As can be seen from the above embodiments, the user preference information determining method provided by the embodiments of the present application obtains commodity evaluation information of a target field of a target user; determining domain self-adaptive emotional feature data of the commodity evaluation information, which are related to a plurality of hidden layer states of the language model, through a domain self-adaptive feature extractor included in the emotion classification model; the model is obtained by learning from commodity evaluation information sets of a plurality of users in the target field, commodity evaluation information sets of a plurality of users in the source field and emotion type labeling information thereof; determining emotion category information of the commodity evaluation information according to the emotion feature data through a classifier included by the model; determining preference information of a target user according to the emotion category information; the processing mode ensures that the emotion characteristic data of the field self-adaption of the commodity evaluation is determined based on the multilayer hidden states of the language model, avoids emotion classification only by adopting the last layer of hidden states, can greatly improve the performance of cross-field emotion analysis by combining the multilayer hidden states, and realizes a higher-level field self-adaption emotion analysis model without the help of the labeled data of the low-resource field; therefore, the emotion classification accuracy can be effectively improved, and the accuracy of the preference information of the user can be further improved.

Eleventh embodiment

In the embodiment, the application further provides a user preference information determining device corresponding to the user preference information determining method. The apparatus corresponds to an embodiment of the method described above. Parts of this embodiment that are the same as the seventh embodiment will not be described again, please refer to corresponding parts in embodiment seven.

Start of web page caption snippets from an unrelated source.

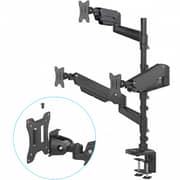 Devo TriFlex Gaming Monitor Arm Black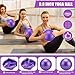 Silipull Pilates Ring Set for Women Exercise Equipment with 9 Inch Yoga Ball, Figure 8 Resistance Band, Sliding Disks, Yoga Bands Accessories Pilates Ring and Ball Set for Beginners Home Workouts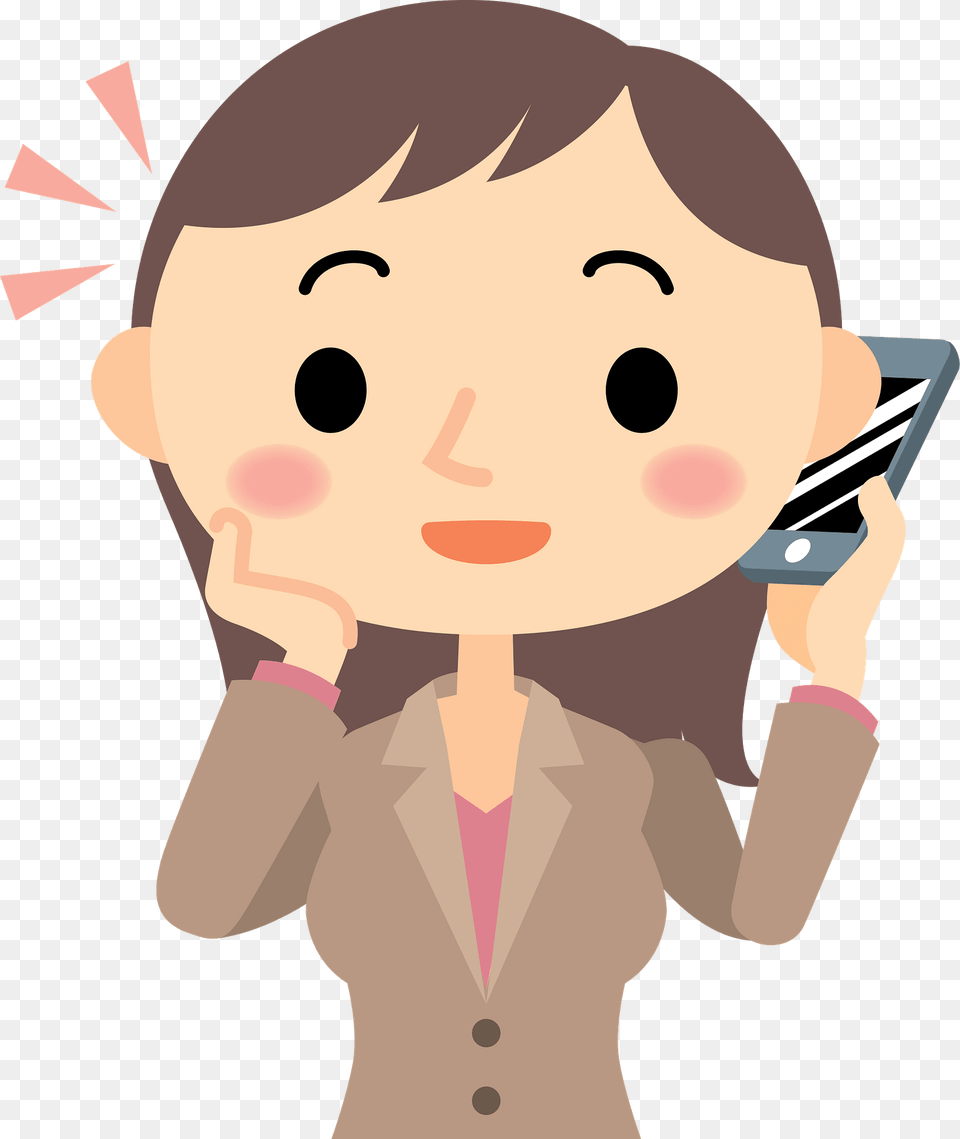 Elizabeth Businesswoman Is Talking On The Mobile Phone Clipart, Baby, Person, Head, Face Free Png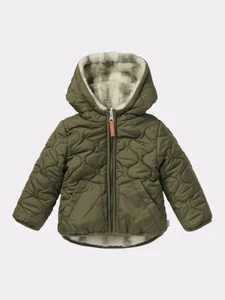 Noppies - veste réversible GALAR blanc, vert (neuf) - 12/18 mois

The application provides a user preference information determination device, which comprises:

a commodity evaluation acquisition unit for acquiring commodity evaluation information of a target field of a target user;

the feature extraction unit is used for determining domain self-adaptive emotional feature data of the commodity evaluation information, which are related to a plurality of hidden layer states of the language model, through a domain self-adaptive feature extractor included in the emotion classification model; the model is obtained by learning from commodity evaluation information sets of a plurality of users in the target field, commodity evaluation information sets of a plurality of users in the source field and emotion type labeling information thereof;

the emotion classification unit is used for determining emotion category information of the commodity evaluation information according to the emotion characteristic data through the classifier included in the model;

and the preference information determining unit is used for determining the preference information of the target user according to the emotion category information.

Twelfth embodiment

An electronic device of the present embodiment includes: a processor and a memory; a memory for storing a program implementing the user preference information determining method, the apparatus performing the following steps after being powered on and running the program of the method by the processor: acquiring commodity evaluation information of a target field of a target user; determining domain self-adaptive emotional feature data of the commodity evaluation information, which are related to a plurality of hidden layer states of the language model, through a domain self-adaptive feature extractor included in the emotion classification model; the model is obtained by learning from commodity evaluation information sets of a plurality of users in the target field, commodity evaluation information sets of a plurality of users in the source field and emotion type labeling information thereof; determining emotion category information of the commodity evaluation information according to the emotion feature data through a classifier included by the model; and determining preference information of the target user according to the emotion category information.

Thirteenth embodiment

Corresponding to the user preference information determining method, the application also provides a commodity object processing system. Since the system embodiments are substantially similar to the method embodiments, they are described in a relatively simple manner, and reference may be made to some of the descriptions of the method embodiments for relevant points. The system embodiments described below are merely illustrative.

Please refer to fig. 5, which is a schematic view illustrating a scenario of an embodiment of a commodity object processing system according to the present application. In this embodiment, the system may include: a server and a client.

As can be seen from fig. 5, the commodity object processing system implements a commodity information pushing function based on user preference information, and the server is configured to determine evaluation information of a target user on a commodity in a target field, and determine emotion category information of commodity evaluation through an emotion classification model; determining preference information of a target user according to emotion category information of commodity evaluation through a user preference information determining module; and determining a commodity object recommendation result according to the preference information of the target user through a commodity recommendation module, and sending the recommendation result to the client for the client user to check.

Fourteenth embodiment

Please refer to fig. 6, which is a schematic view illustrating a scenario of an embodiment of a commodity object processing system according to the present application. In this embodiment, the system may include: a server and a client.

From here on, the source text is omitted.